I get the winners of life coming into my store. Some of them I just want to smack and strangle. Here are some tips for those at home for a delightful pharmacy experience.

  • If you are on the state dime, I expect a “please” and “thank you” when I fill your prescription. Being rude to me while spending my tax dollars so you can pop out more children just makes your Rx take longer to fill, and your vicodin prices get higher.
  • You are free to talk on your cell phone. However if you must do it in the store, please use a quiet voice. If you wish to talk on it loudly while I’m trying to consult you on your crotchfruit’s medication, don’t call me in 5 min asking stupid questions. Nothing makes me happier than to tell you “If you weren’t talking on your cell phone, you would know this.”
  • If you have small children, please watch them. I don’t shit in your house, so I don’t expect your children to tear shit apart in my store.

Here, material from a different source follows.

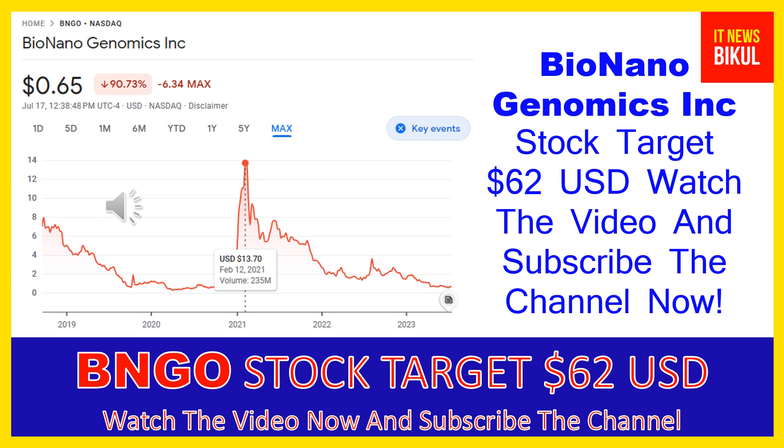It offers a sample-to-result solution for structural variation analysis by optical genome mapping. Products include the Saphyr instrument, a single molecule imager; the Saphyr chip, a consumable packaging nanochannel arrays for DNA linearization; and BioNano prep kits and DNA labeling kits for extracting and labeling ultra-high molecular weight DNA. The company also provides Saphyr and BioNano compute servers.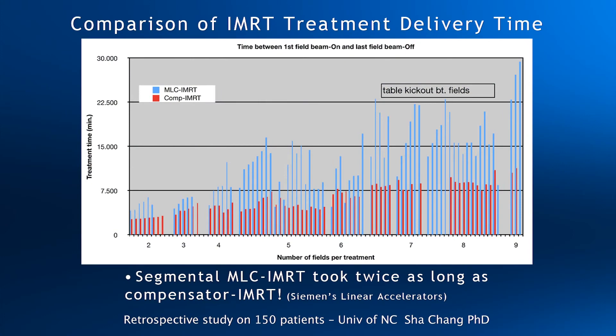This graph is a study conducted at the University of North Carolina. A comparison was done on 150 patients comparing MLC and compensator delivery times. Red bars indicate compensators, blue bars indicate MLCs. Compensators were twice as fast, and their time included going in and out of the vault to change out the compensators between fields.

  • Our garbage cans are not for your dirty diapers.
  • Our outside ashtray is filled with sand so you can put out your cig. It is NOT a place for your child to play.

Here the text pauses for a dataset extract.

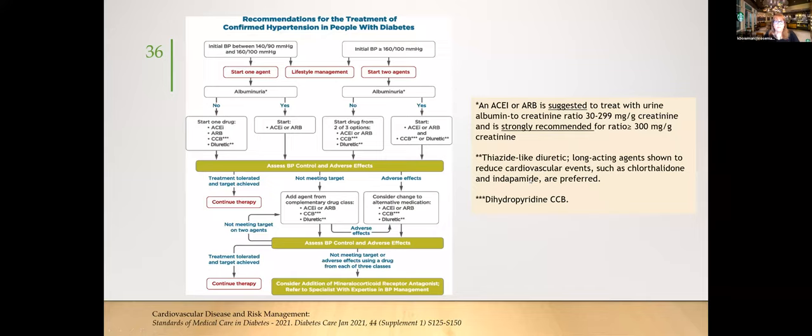For blood pressure in diabetes, if albuminuria is less than 300, an ACE inhibitor is suggested; over 300, it's strongly recommended. Lifestyle management remains important alongside medication algorithms — educating patients about reducing salt, watching dietary cholesterol, and increasing activity. The 2021 guidelines also include updated algorithms for diabetes self-management education and support for adults with type 2 diabetes, providing a framework for referrals to dietitians or mental health support.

  • The price I give you for Vicodin and Soma is the price I give you. I could give a rat’s ass if the chain down the street is $1 cheaper.
  • Putting your infant carrier on the counter (with infant inside) and telling my clerks “Watch him for a second while I get money (for vicodin and soma no less) out of the car.” Is not what a “good mother” should do. You should know this by now; this is your 5th. However since you are only 22, I will just assume you’re just dumb.

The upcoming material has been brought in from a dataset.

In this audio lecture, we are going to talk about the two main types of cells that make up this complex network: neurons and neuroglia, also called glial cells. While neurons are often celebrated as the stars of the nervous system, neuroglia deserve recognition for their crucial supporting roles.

  • If you are going to insult me, please use proper english. My english isn’t the best, but its better than “you dont ax me where i got dis vicodin at”.
  • Things of a personal nature should be spoken with me in private. Shouting at me “Why does my husbands high blood pressure medication make my his pecker not work” from across the store is going to give you a totally silent pharmacy and blank stares as my insides explode.
  • If you are going to proclaim anything about your husbands “pecker”. Please make sure your husband isn’t standing right next to you.
  • If you are going to bullshit me, please use the same story on different pharmacists. We do compare notes, and we don’t like to be told that your vicodin was stolen one day, and flushed down the toilet by your infant the next day.
  • Shower. Please. For the sake of the world.
  • Let me repeat. FUCKING SHOWER WITH SOAP AND WATER.
  • Call in the number of your vaginal cream tube. Don’t show me how greasy you can get our label.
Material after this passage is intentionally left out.